What is the truth of the tale, then? It is not to be found in the narrator's parodic moral. The tale, in fact, suggests exactly its opposite: don't think, don't remember. "Tam o' Shanter" celebrates the tendency of people—for good or ill—to refuse to reckon the price of their pleasures. The drinking at the tavern goes on each evening despite the disapproval of the farmers' wives. (The purpose of the prologue is to emphasize Tam's habitual, not just occasional, drunkenness.) The dancing in the kirkyard goes on with similar regularity, despite societal and even divine sanctions. Indeed, the witches are a perfect symbol for the tendency Burns saw in human nature to prefer self-assertion to prudent abstention. Witches give up a hope for a feeling, a concept of redemption for a sensation of present pleasure. The narrator does not stint his description of the gruesome trappings of the witches' dance, but it is basically hedonism, not evil, that he perceives in their conduct. Tam himself acts from a motive similar to Nannie's when his "roar" of approval indicates the victory of his instinct for pleasurable response over his less powerful one for self-protection and caution.

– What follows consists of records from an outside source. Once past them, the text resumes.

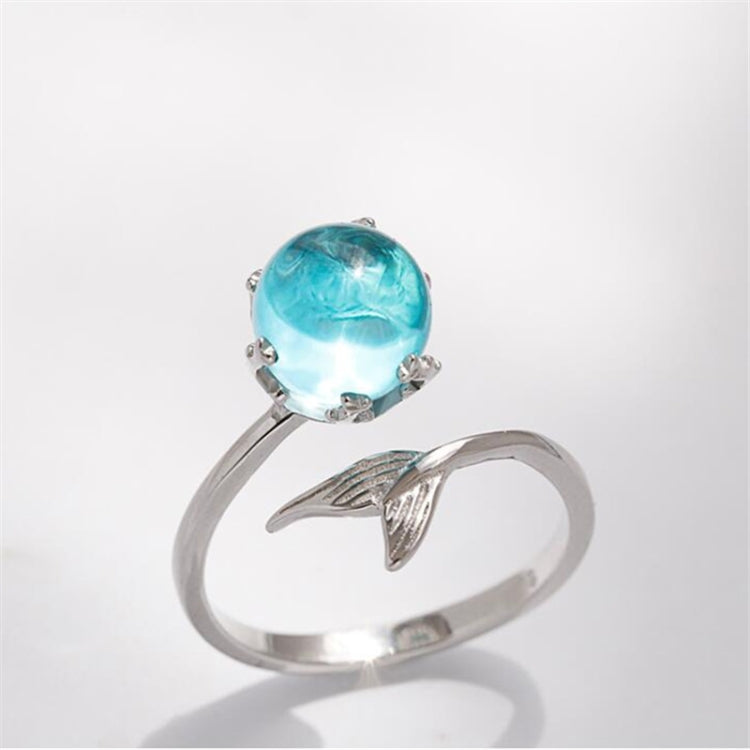 Damenmode Blaue Kristall Meerjungfrau-Form Offene Ringe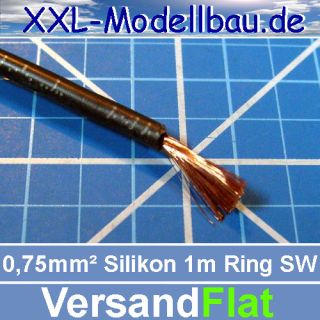 1m Silikonkabel 0,75 qmm 8 Ampere Farbe SCHWARZ Made in Germany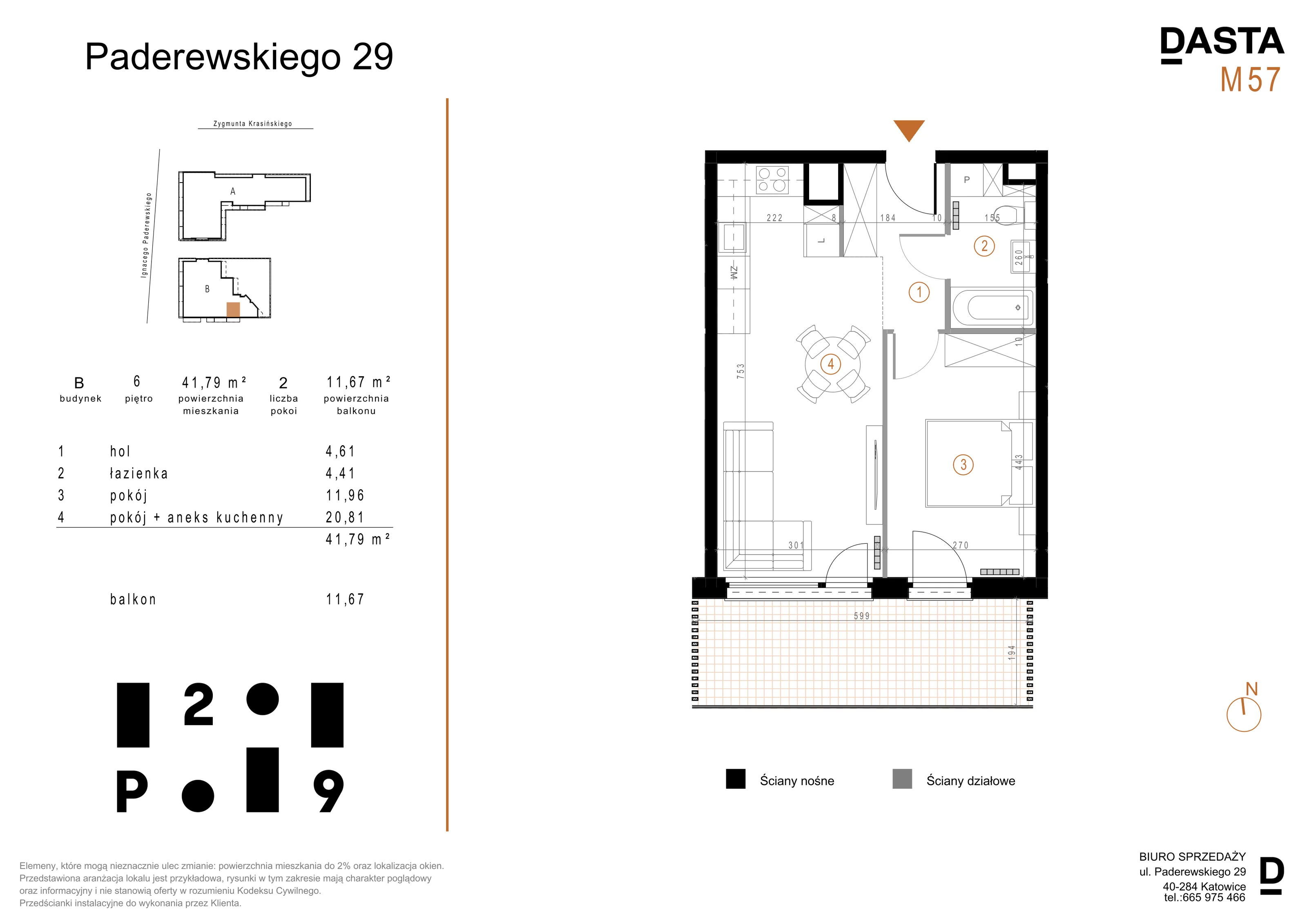 2 pokoje, mieszkanie 41,79 m², piętro 6, oferta nr B57, Paderewskiego 29, Katowice, Osiedle Paderewskiego-Muchowiec, Dolina Trzech Stawów, ul. Ignacego Paderewskiego 29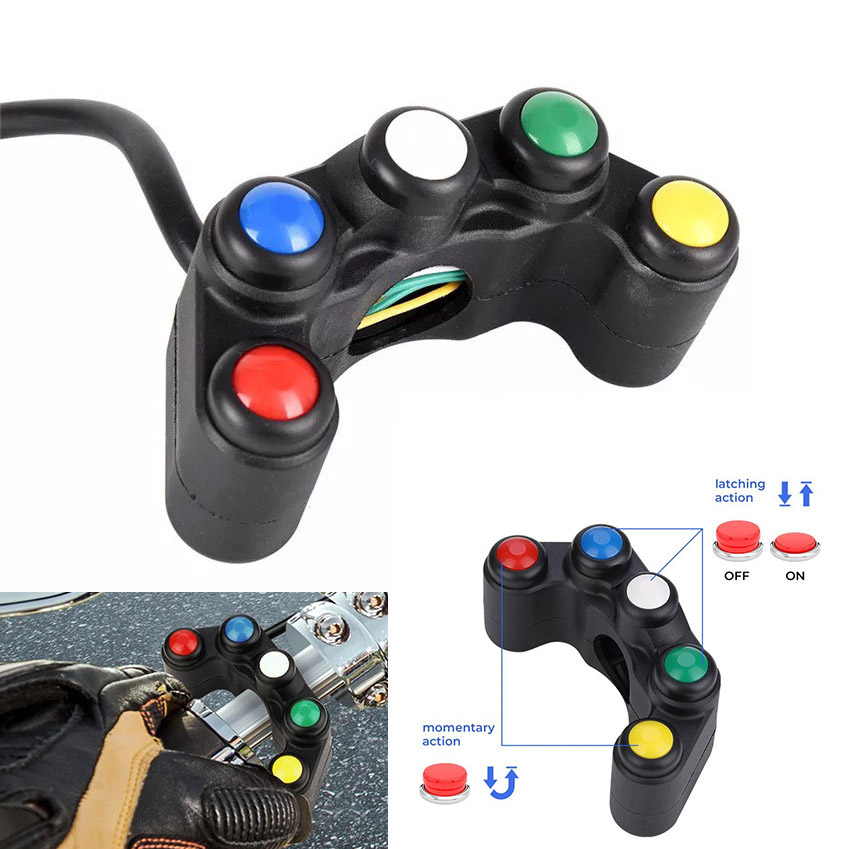 Cùm công tắc 5 nút gắn ghi đông 22mm
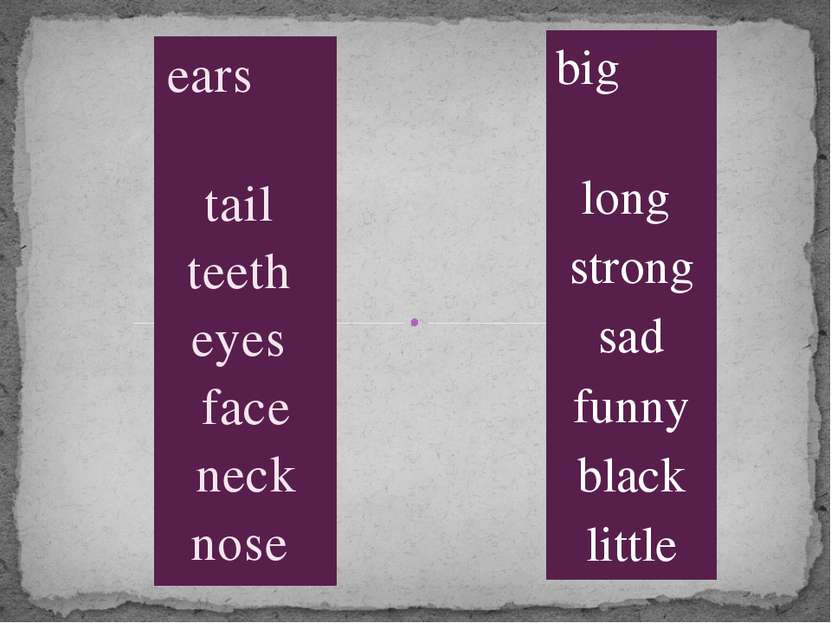 ears tail teeth eyes face neck nose big long strong sad funny black little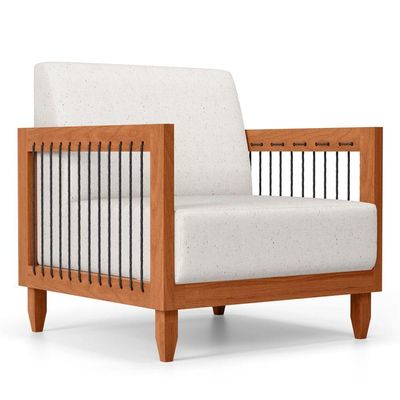 Kit 02 Poltronas Varanda Samoa Madeira Maciça Com Cordas Náutica Linho Natural - Desk Design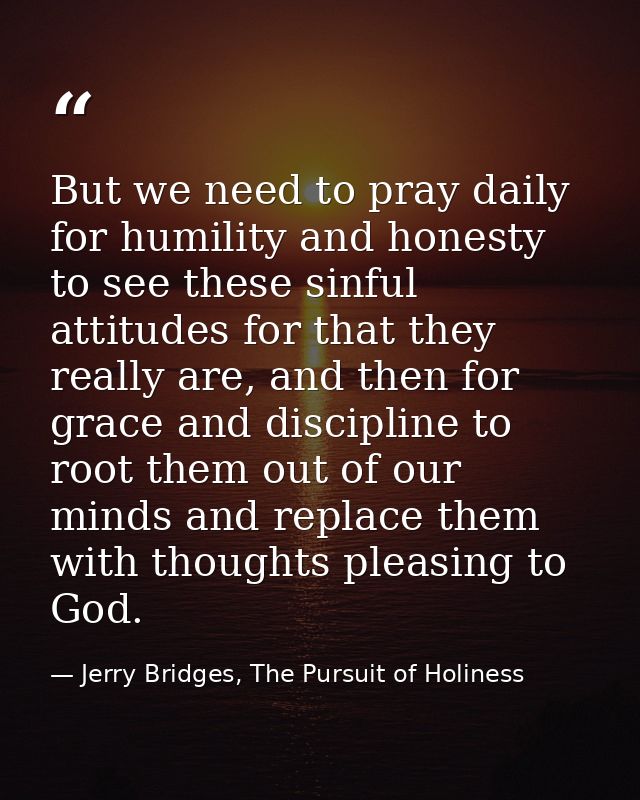 But we need to pray daily for humility and honesty to see these sinful attitudes for that they really are, and then for  — Jerry Bridges, The Pursuit of Holiness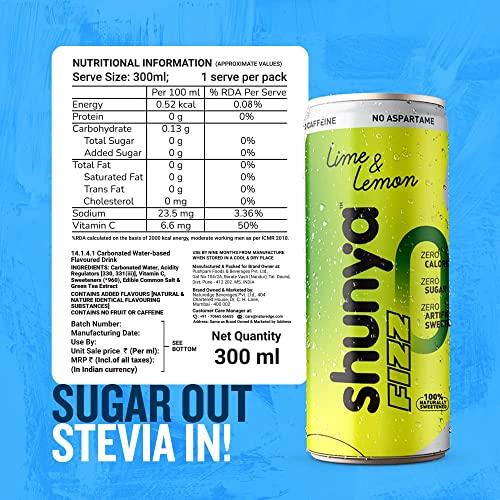 Shunya Shunya Fizz Lime & Lemon | Sugar Free Soft Drink | 0 Calories & No Aspartame | Supercharged with Green Tea & Vitamin C | Pack of 12 (300 ml X 12)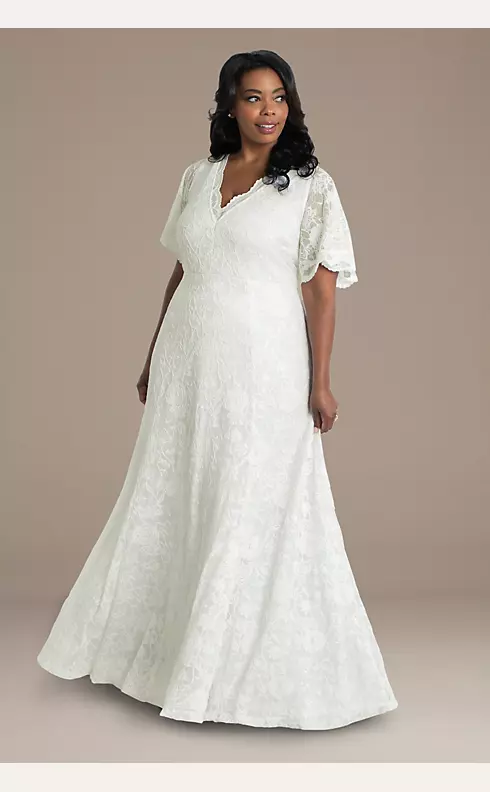 Blissful Lace Plus Size Floor Length Wedding Gown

If this notion of the inexorably instinctive basis for human behavior were the whole "truth" of "Tam o' Shanter," however, the poem would not sound so different from "Love and Liberty," which shares that central theme. The difference is that in "Tam o' Shanter" the view that imprudence is a prerequisite to heroism is stated ironically: the reader is left to puzzle out views on instinct and repression that Burns presented unequivocally in "Love and Liberty." No character in "Tam o' Shanter" is unequivocally perceived. (Even Kate, spokeswoman for prudence, demonstrates in her diatribe a quality of reckless energy that is not exactly circumspect.) And in "Tam o' Shanter," Burns complicates the tone by his artist-in-residence narrator, whose high-flown digressions actually keep the poem going until Tam reaches the witches' dance. The cautious narrator's application of literary allusion to Tam's simple pleasures and temptations shows that Burns uses art itself as a kind of "prudence" in the poem: he uses it to anticipate consequences, to order and control things, and to counter Tam's policy of playing life by ear.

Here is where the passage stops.